[Opening Task material section]

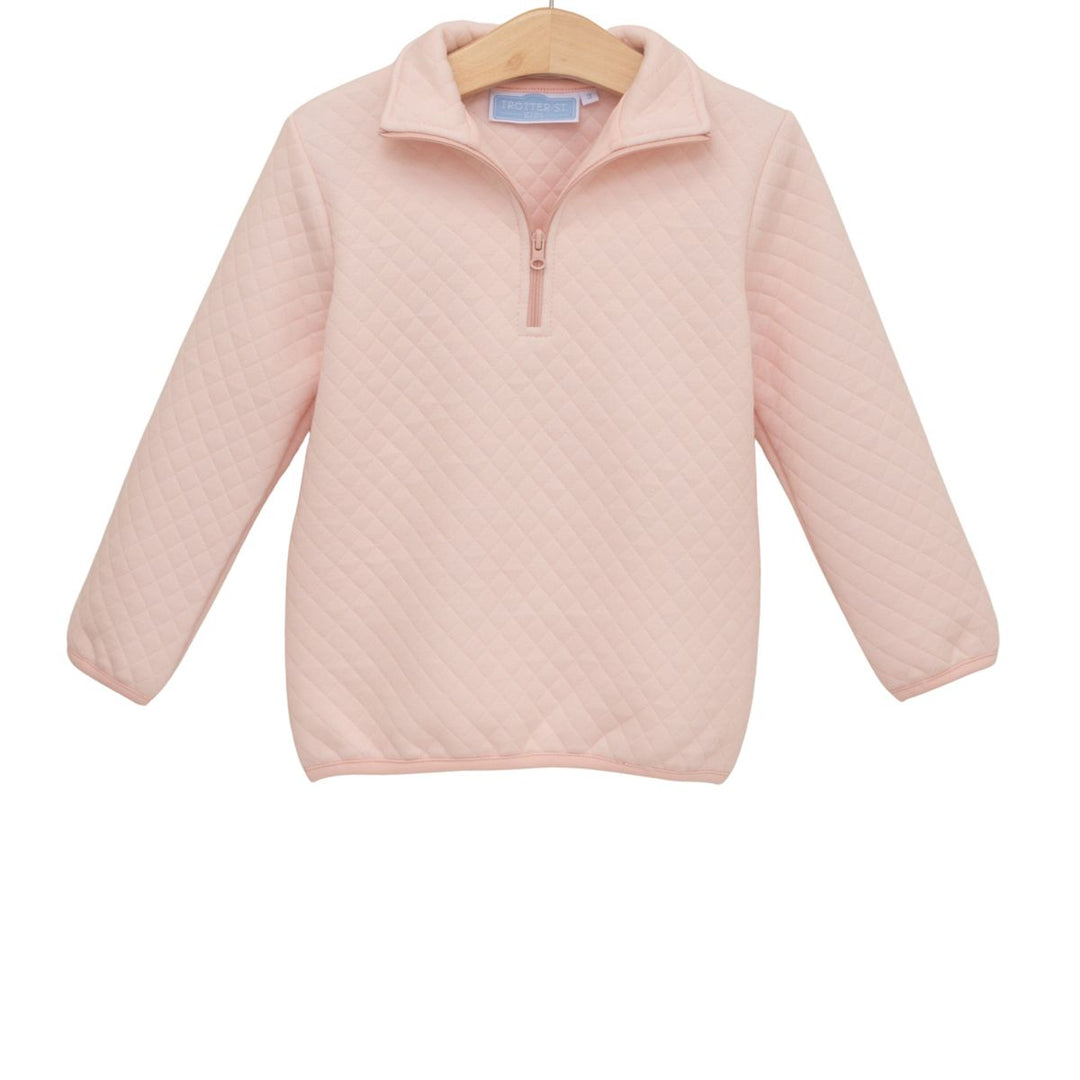 Girls 1/4 Zip Quilted Pullover- Light Pink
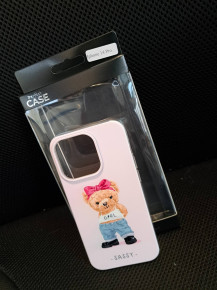 Луксозен силиконов гръб ТПУ Perfect Case за Apple iPhone 14 Pro 6.1 Bear girl 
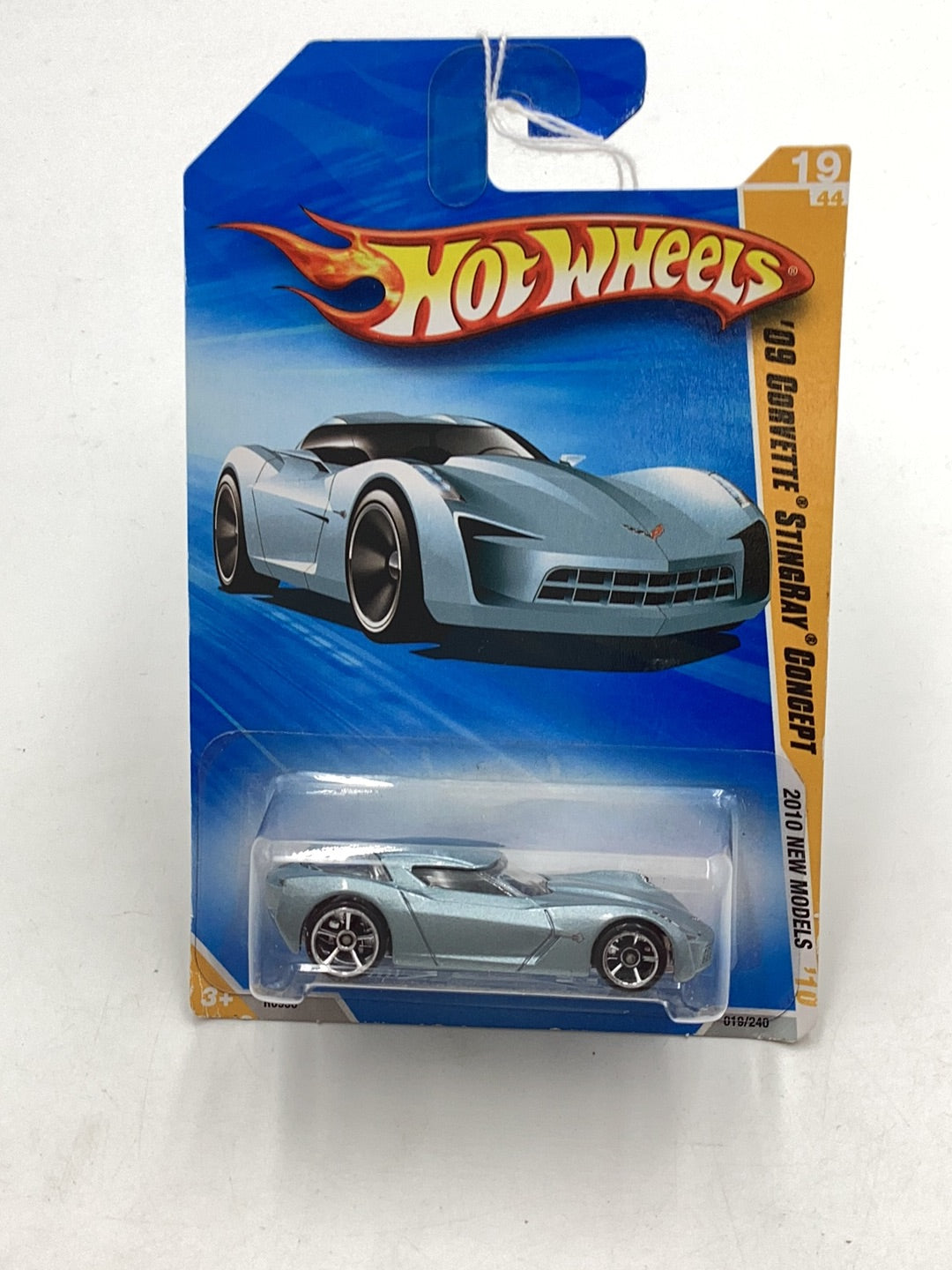 2010 Hot Wheels #19 09 Corvette stingray concept Silver Blue Metallic 18F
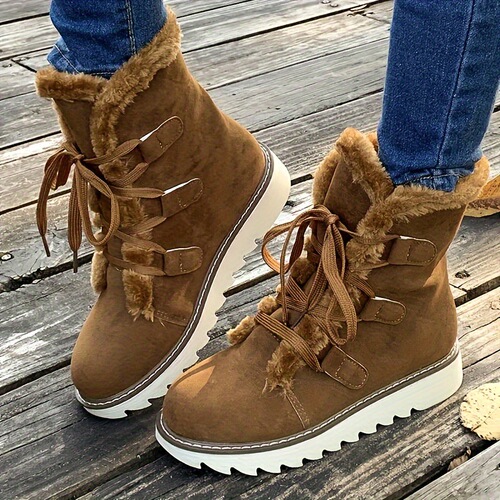 Women's Plush Lined Snow Boots, Solid Color, Lace-Up, Outdoor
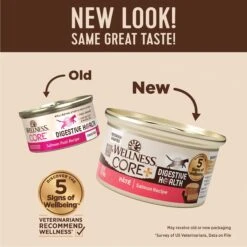 Wellness CORE Digestive Health Salmon Pate Recipe Grain-Free Wet Cat Food, 3-oz, Case Of 12 -PurePet Bites Shop 264902 PT1. AC SS1800 V1608678456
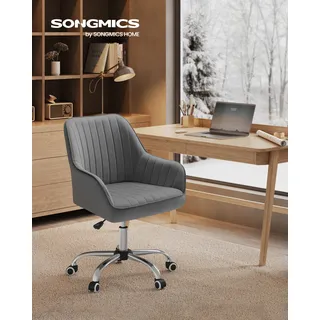 SONGMICS Schreibtischstuhl mit Samtbezug, höhenverstellbar, für Schminktisch, schiefergrau - Grau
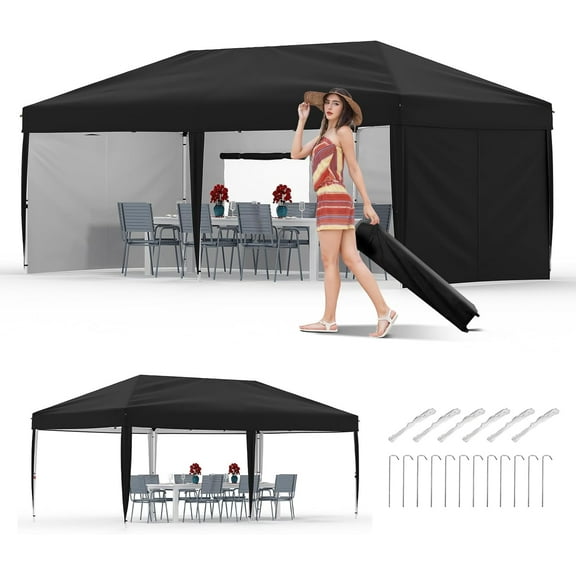 10'x20' Waterproof Pop-Up Canopy Tent - Portable Instant Party Gazebo with 4 Sidewalls & 12 Stakes | Heavy-Duty Outdoor Event Tent for Weddings, Backyard, Camping & Markets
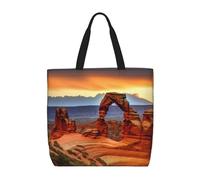 Reutilizables Bolsa De Compra Canva Parque Nacional De Los Arcos Bolsos De Hombro Durable Bolsa Compra Para Compras, Viajes, El Trabajo, 40X50X15Cm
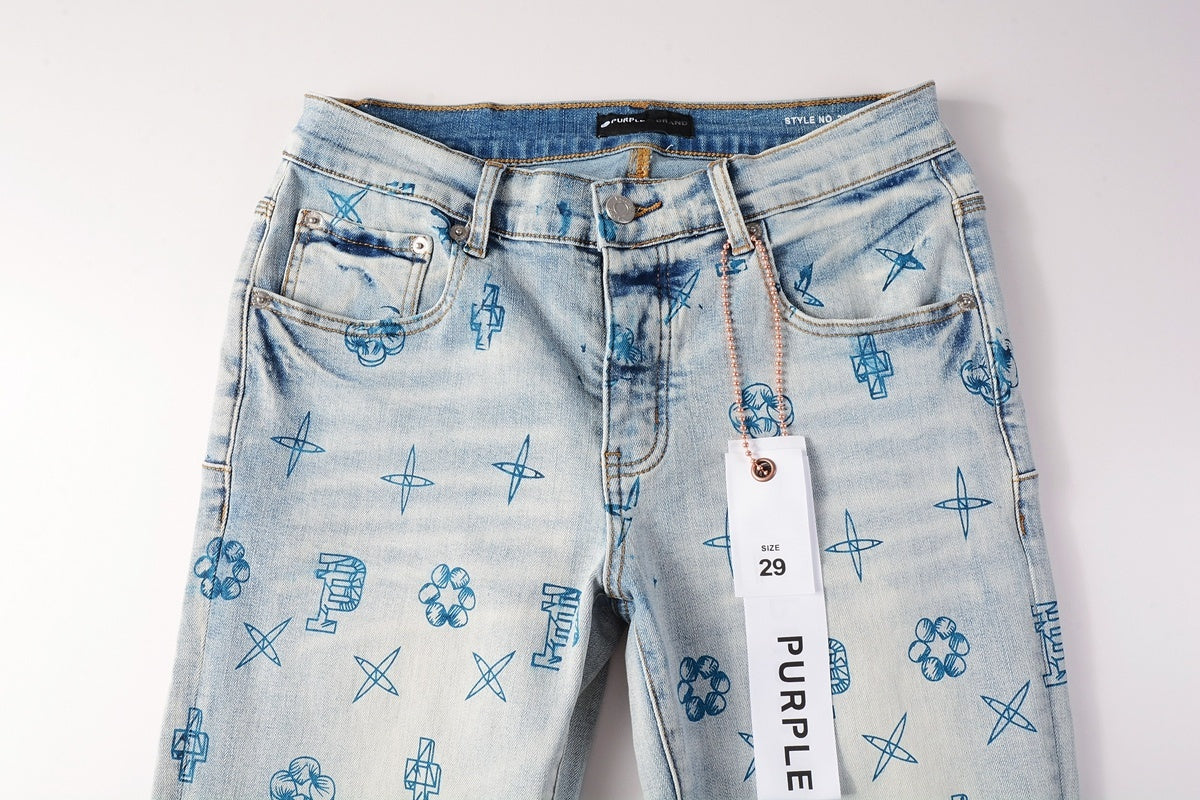 High Street Distressed Blue Laser Patterns Stretch Skinny Ripped Jeans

[Closing Task material section]

• **Exercise**: Exclude the images and output the lines above exactly.

• **Solution**:
 Girls 1/4 Zip Quilted Pullover- Light Pink
 Луксозен силиконов гръб ТПУ Perfect Case за Apple iPhone 14 Pro 6.1 Bear girl 
 2010 Hot Wheels #19 09 Corvette stingray concept Silver Blue Metallic 18F
 Women's Plush Lined Snow Boots, Solid Color, Lace-Up, Outdoor
 Wellness CORE Digestive Health Salmon Pate Recipe Grain-Free Wet Cat Food, 3-oz, Case Of 12 -PurePet Bites Shop 264902 PT1. AC SS1800 V1608678456
 SONGMICS Schreibtischstuhl mit Samtbezug, höhenverstellbar, für Schminktisch, schiefergrau - Grau
 10'x20' Waterproof Pop-Up Canopy Tent - Portable Instant Party Gazebo with 4 Sidewalls & 12 Stakes | Heavy-Duty Outdoor Event Tent for Weddings, Backyard, Camping & Markets
 Reutilizables Bolsa De Compra Canva Parque Nacional De Los Arcos Bolsos De Hombro Durable Bolsa Compra Para Compras, Viajes, El Trabajo, 40X50X15Cm
 High Street Distressed Blue Laser Patterns Stretch Skinny Ripped Jeans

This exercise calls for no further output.